WHAT IS EXPECTED. I would like the lines below, from the one with "Teejh Saraayu Bead Mirror White Belt" through the one with "European and American", copied exactly and without any pictures.

============

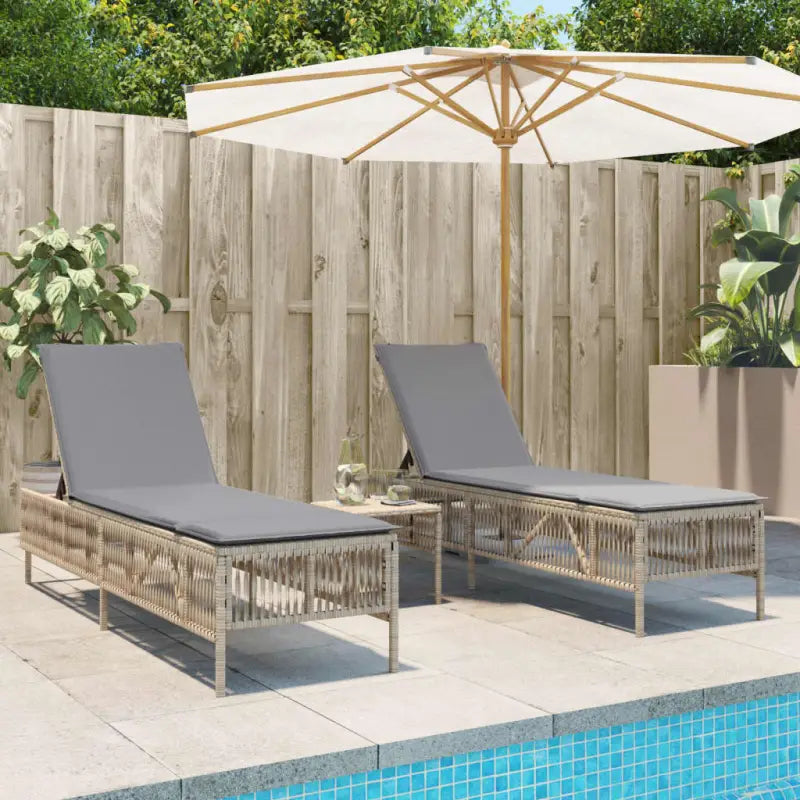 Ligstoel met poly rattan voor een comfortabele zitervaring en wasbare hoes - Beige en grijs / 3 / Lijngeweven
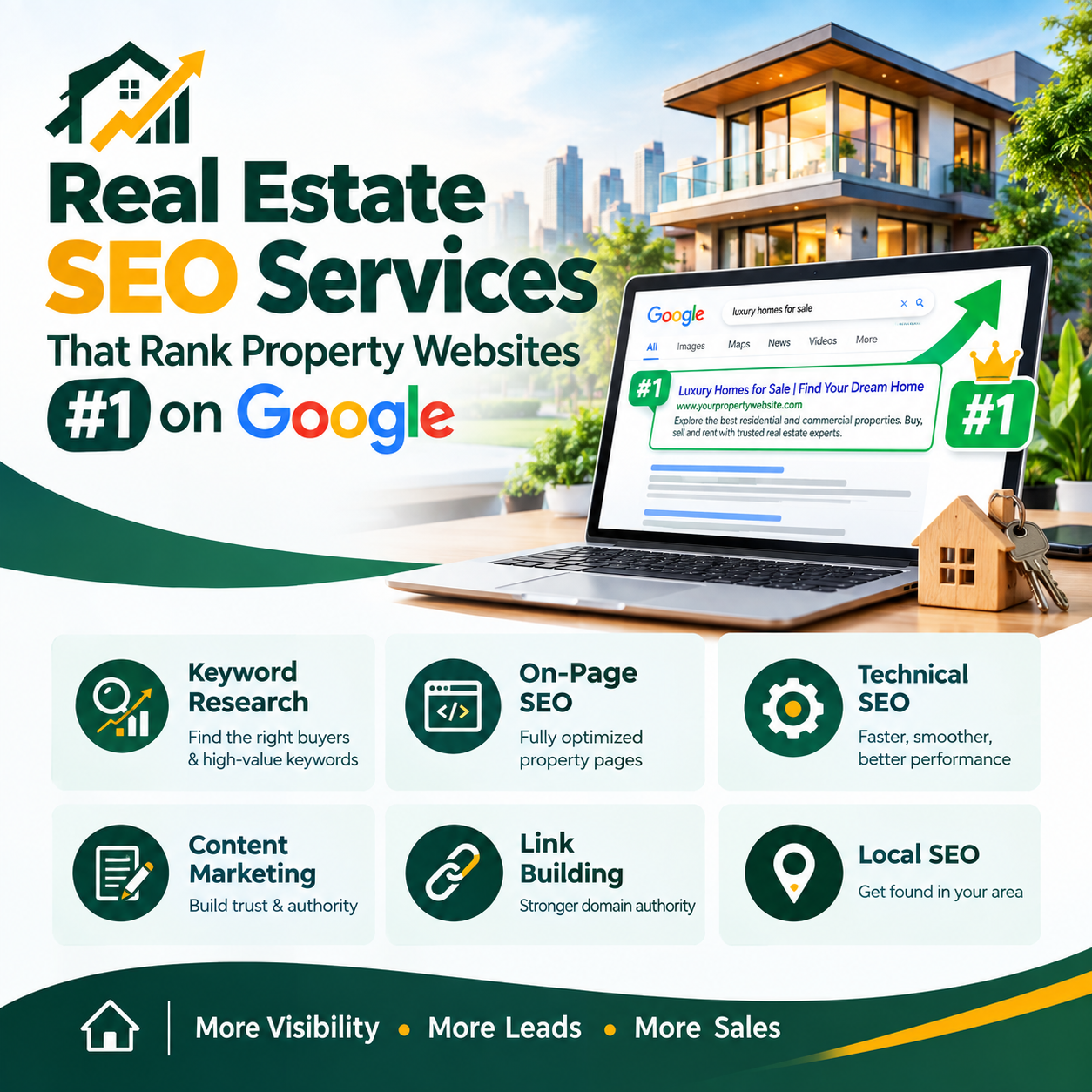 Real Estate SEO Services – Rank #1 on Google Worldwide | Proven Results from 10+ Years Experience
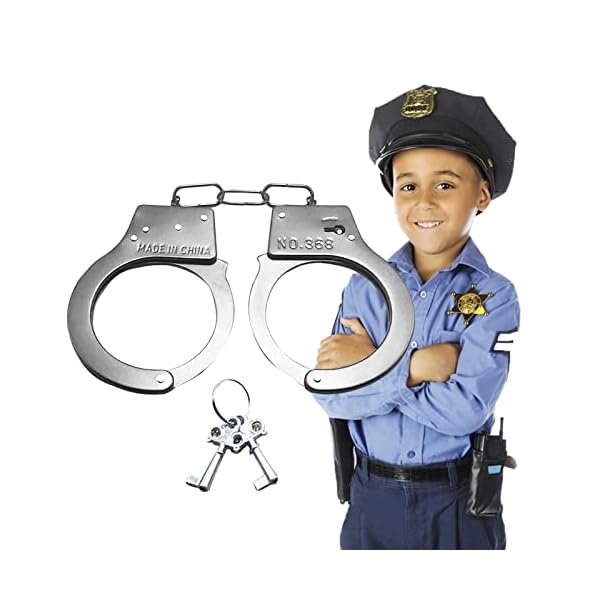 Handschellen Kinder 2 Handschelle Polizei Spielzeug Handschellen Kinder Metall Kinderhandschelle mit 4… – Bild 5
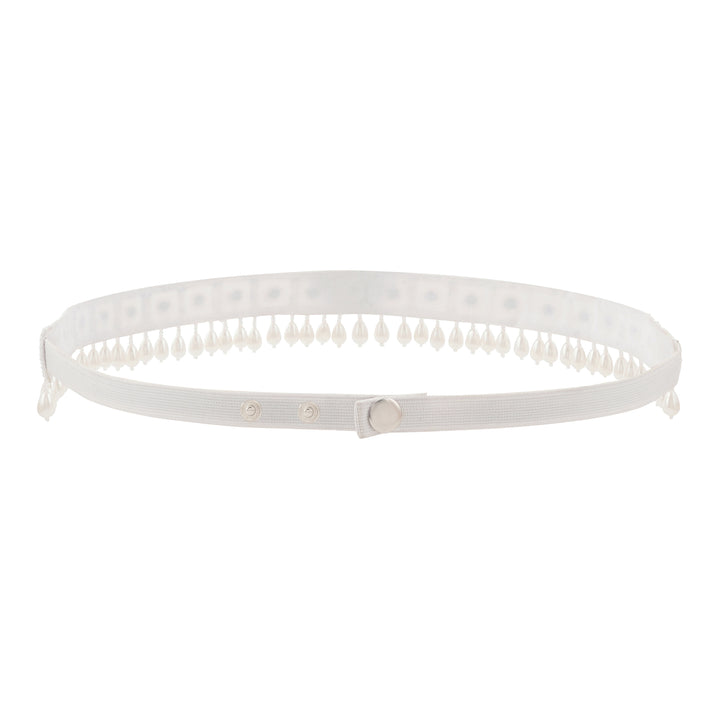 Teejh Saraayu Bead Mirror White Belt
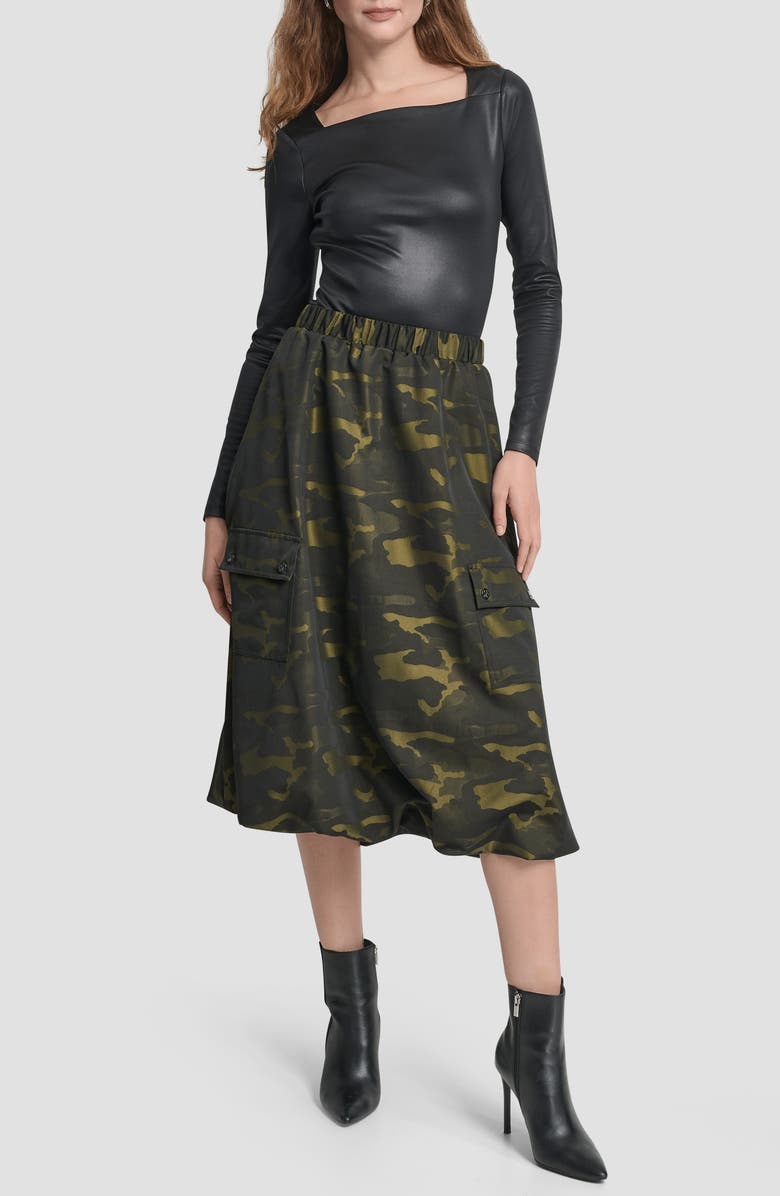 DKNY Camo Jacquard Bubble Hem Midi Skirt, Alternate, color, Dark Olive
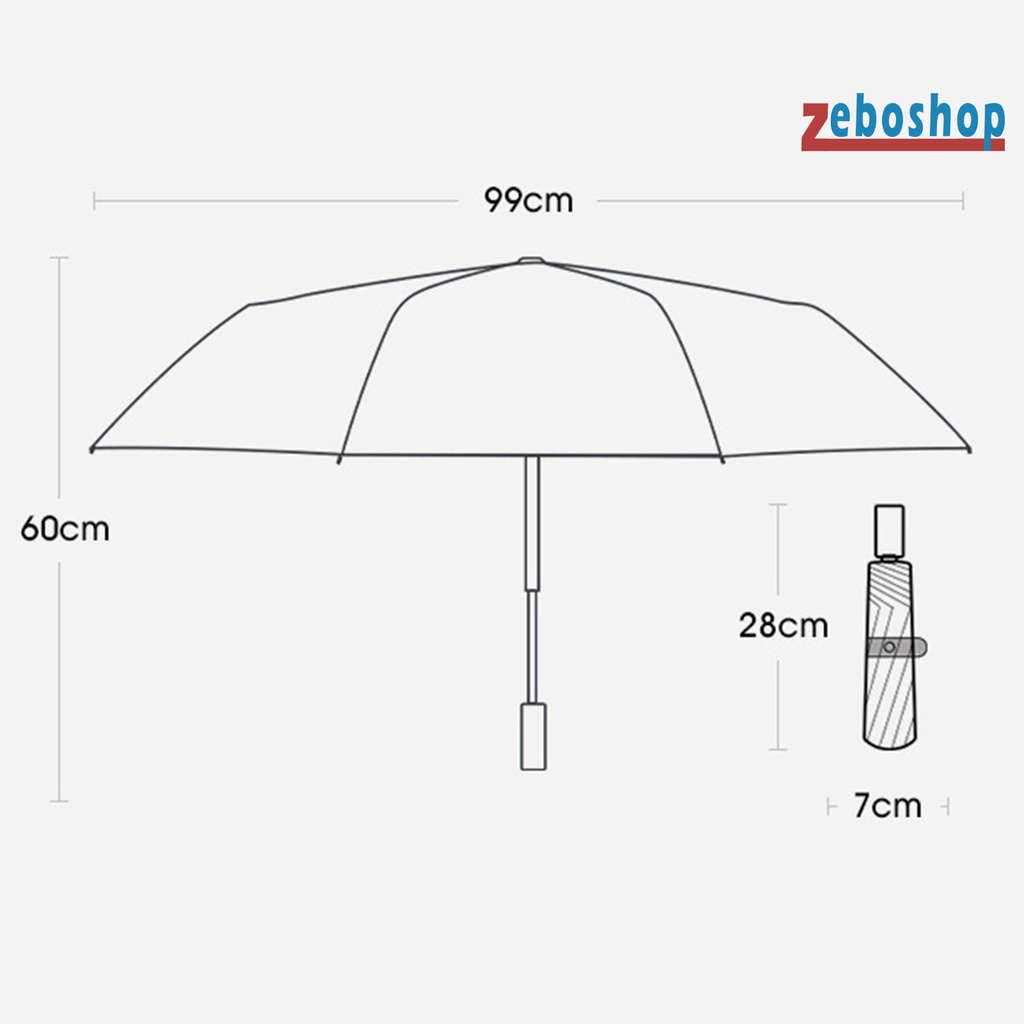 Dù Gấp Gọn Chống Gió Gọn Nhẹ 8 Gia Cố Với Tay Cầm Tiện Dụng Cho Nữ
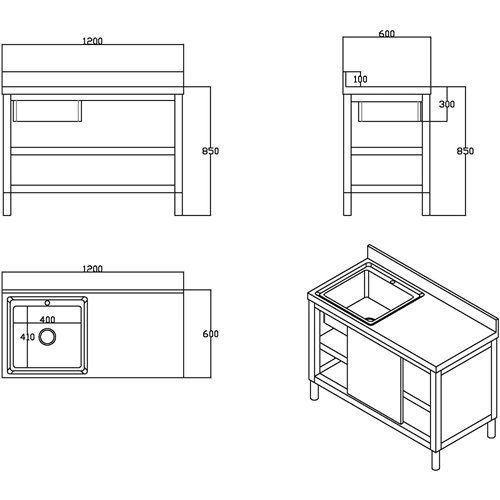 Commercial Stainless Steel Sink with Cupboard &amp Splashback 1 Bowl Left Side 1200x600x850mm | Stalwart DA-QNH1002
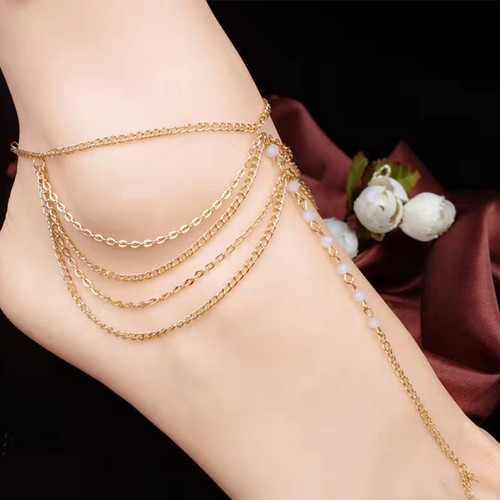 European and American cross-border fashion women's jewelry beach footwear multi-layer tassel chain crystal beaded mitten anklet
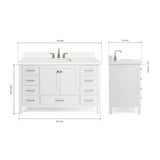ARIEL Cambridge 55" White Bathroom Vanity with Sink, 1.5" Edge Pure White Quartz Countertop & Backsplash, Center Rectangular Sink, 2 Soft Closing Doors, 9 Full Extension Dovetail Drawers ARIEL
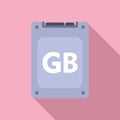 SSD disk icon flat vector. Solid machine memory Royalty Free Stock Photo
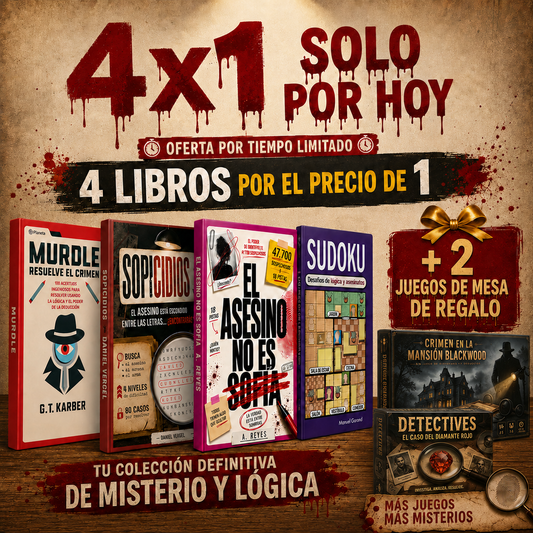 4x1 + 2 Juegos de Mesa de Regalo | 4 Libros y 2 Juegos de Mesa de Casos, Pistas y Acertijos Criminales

============

WRITTEN RESPONSE.
 Teejh Saraayu Bead Mirror White Belt
 DKNY Camo Jacquard Bubble Hem Midi Skirt, Alternate, color, Dark Olive
 Dù Gấp Gọn Chống Gió Gọn Nhẹ 8 Gia Cố Với Tay Cầm Tiện Dụng Cho Nữ
 Commercial Stainless Steel Sink with Cupboard &amp Splashback 1 Bowl Left Side 1200x600x850mm | Stalwart DA-QNH1002
 European and American cross-border fashion women's jewelry beach footwear multi-layer tassel chain crystal beaded mitten anklet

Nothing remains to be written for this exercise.